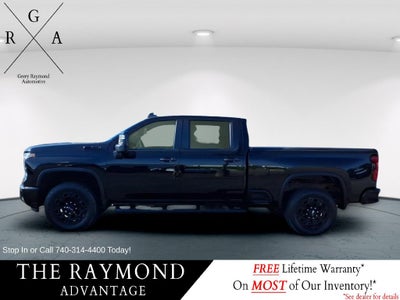 2024 Chevrolet Silverado 2500 HD LT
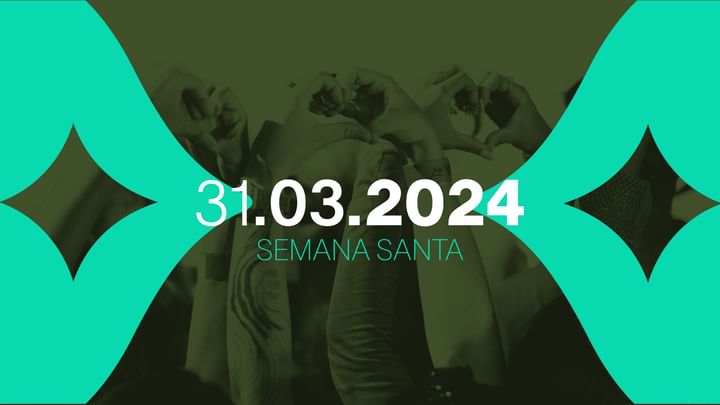 Cover for event: Domingo Semana Santa 2024
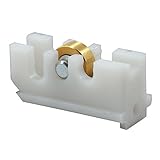 Prime-Line Products G 3046 Sliding Window Roller Assembly with 9/16-Inch Flat Steel Wheel, 2-Pack [並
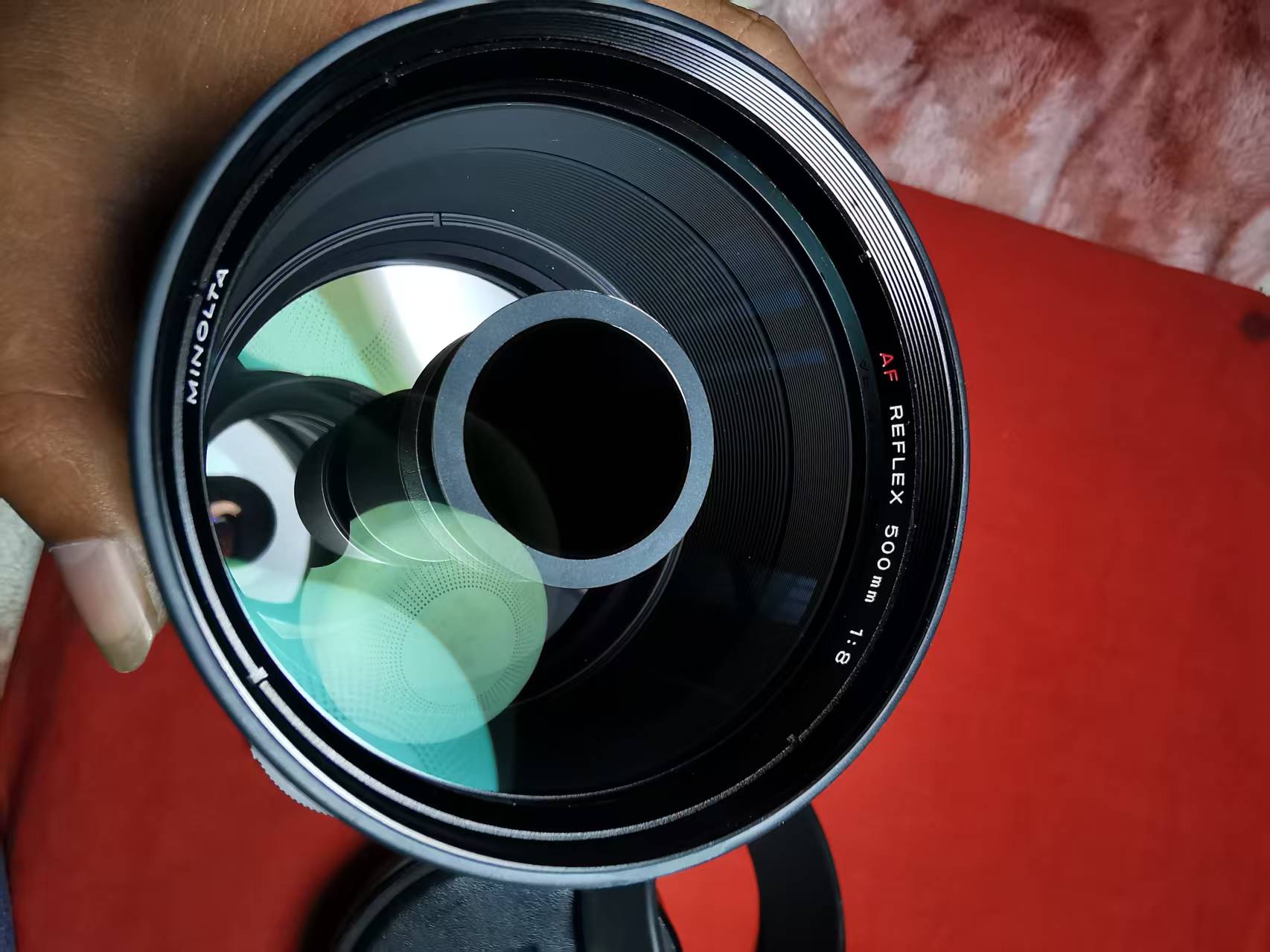 [Product=Lens][Brand=Minolta][Model=AF REFLEX 500mm F8][FocalLength=500][MaxAPT=8][SN=17213987][Frame=135][Date=20250531][MD5=83eb18ac6f81a183dc3cfbc35c5ab971].jpg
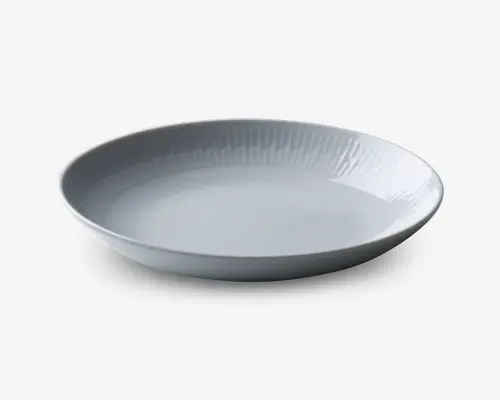 Relief Tallerken Suppe Ø 22 cm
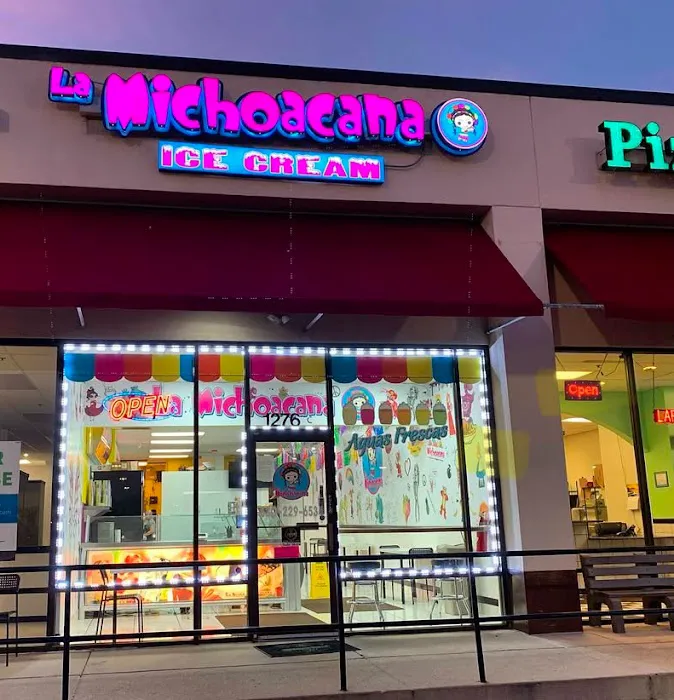 La Michoacana Ice Cream Aurora Picture 2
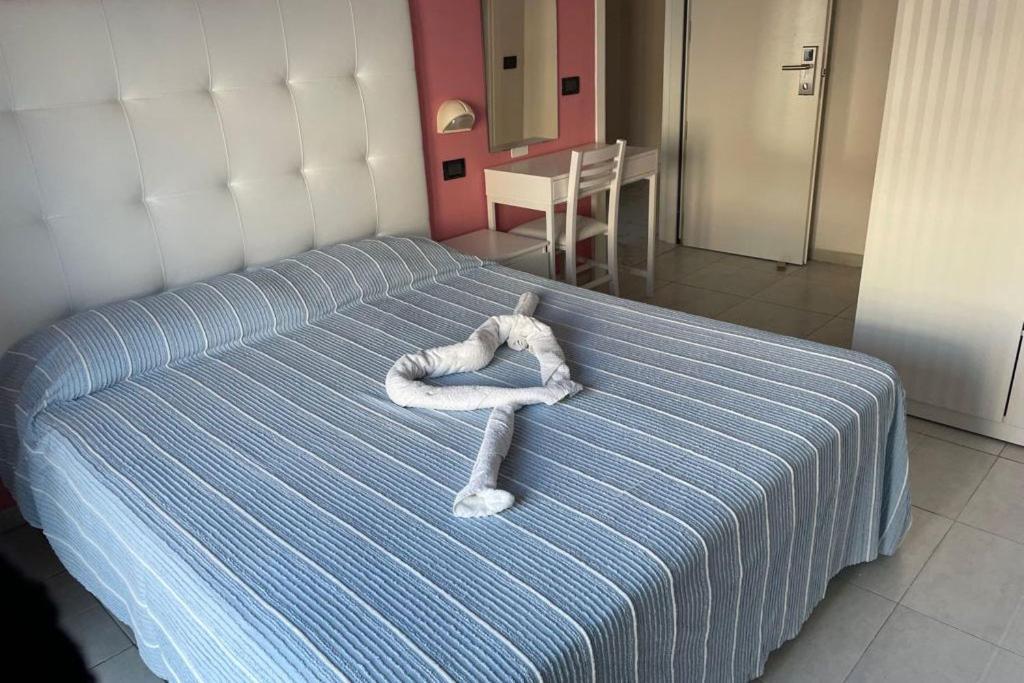 Hotel Villa Elisa Rimini Kültér fotó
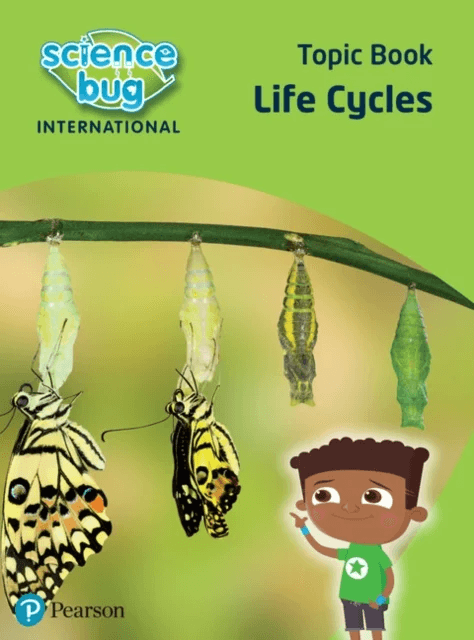 Science Bug: Life cycles Topic Book av Deborah Herridge, Eleanor Atkinson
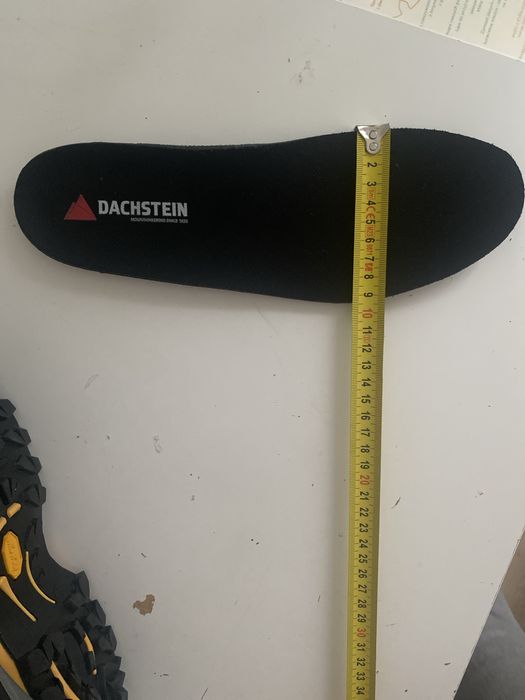 Buty trekingowe wysokogórskie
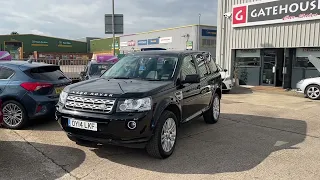 Landrover Freelander HSE Lux Manual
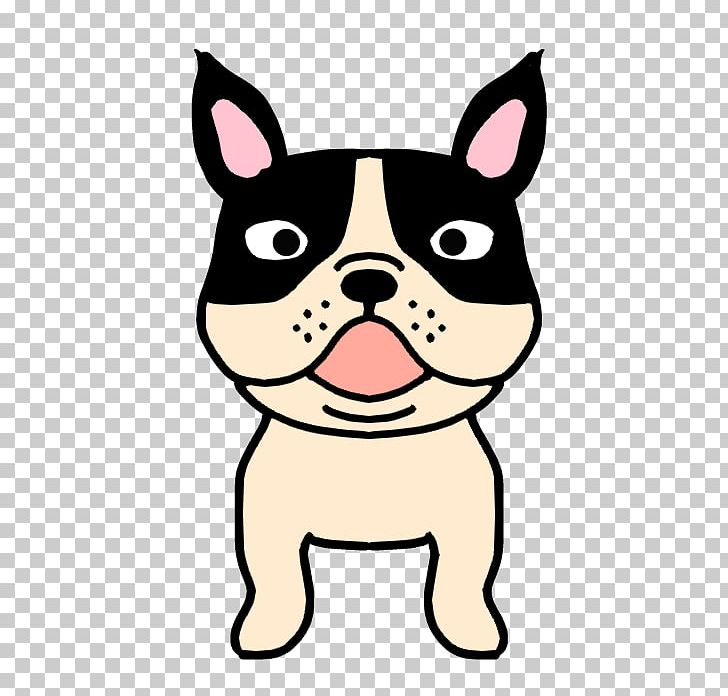 Boston Terrier Puppy Dog Breed Companion Dog Whiskers PNG, Clipart, Animals, Boston Terrier, Carnivoran, Cat, Companion Dog Free PNG Download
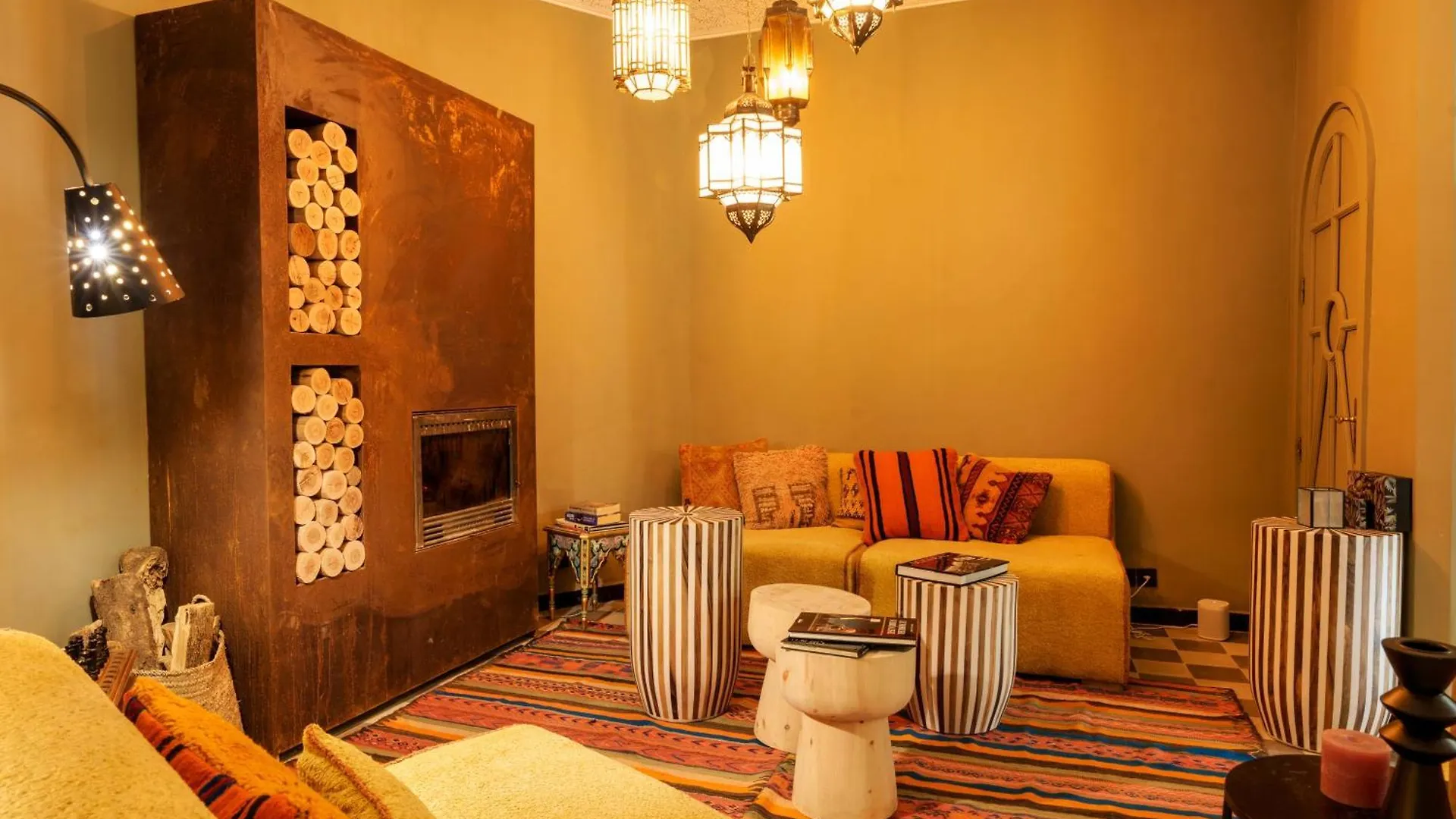 Suites & Spa By Xo-Riad Marrakesh Morocco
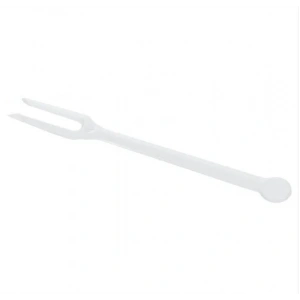 Cips Çatalı Şeffaf ( 1000li x 15 Paket )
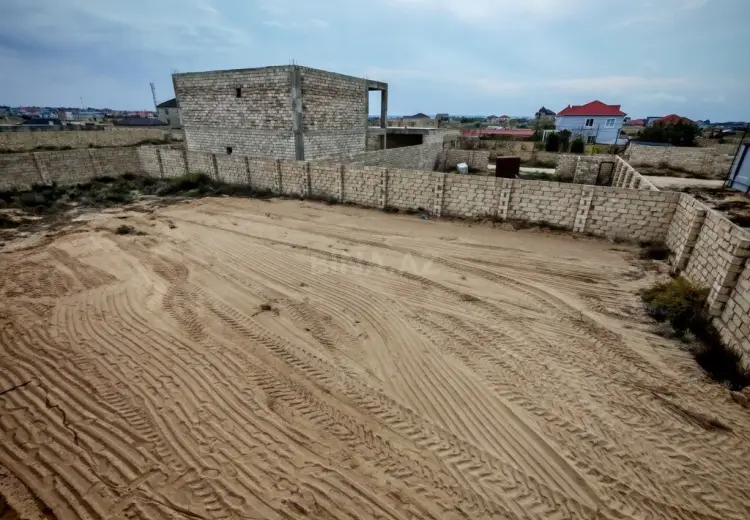 3 sot Torpaq Satılır, Nardaran qəs., Sabunçu, Bakı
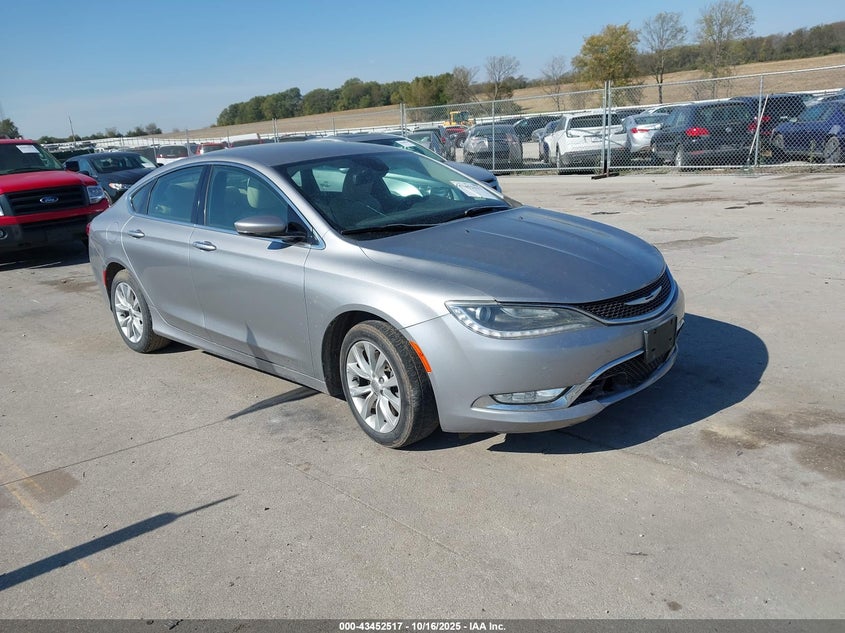 CHRYSLER 200 C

* [TASK DETAILS]:
Without carrying over any picture, write out the entries above once more, exactly.

* [SOLVED PROBLEM]:
 2024 Chevrolet Silverado 2500 HD LT
 Cover for event: Domingo Semana Santa 2024
 Prime-Line Products G 3046 Sliding Window Roller Assembly with 9/16-Inch Flat Steel Wheel, 2-Pack [並
 [Product=Lens][Brand=Minolta][Model=AF REFLEX 500mm F8][FocalLength=500][MaxAPT=8][SN=17213987][Frame=135][Date=20250531][MD5=83eb18ac6f81a183dc3cfbc35c5ab971].jpg
 Relief Tallerken Suppe Ø 22 cm
 La Michoacana Ice Cream Aurora Picture 2
 Hotel Villa Elisa Rimini Kültér fotó
 Science Bug: Life cycles Topic Book av Deborah Herridge, Eleanor Atkinson
 Buty trekingowe wysokogórskie
 Landrover Freelander HSE Lux Manual
 Boston Terrier Puppy Dog Breed Companion Dog Whiskers PNG, Clipart, Animals, Boston Terrier, Carnivoran, Cat, Companion Dog Free PNG Download
 Suites & Spa By Xo-Riad Marrakesh Morocco
 Cips Çatalı Şeffaf ( 1000li x 15 Paket )
 3 sot Torpaq Satılır, Nardaran qəs., Sabunçu, Bakı
 CHRYSLER 200 C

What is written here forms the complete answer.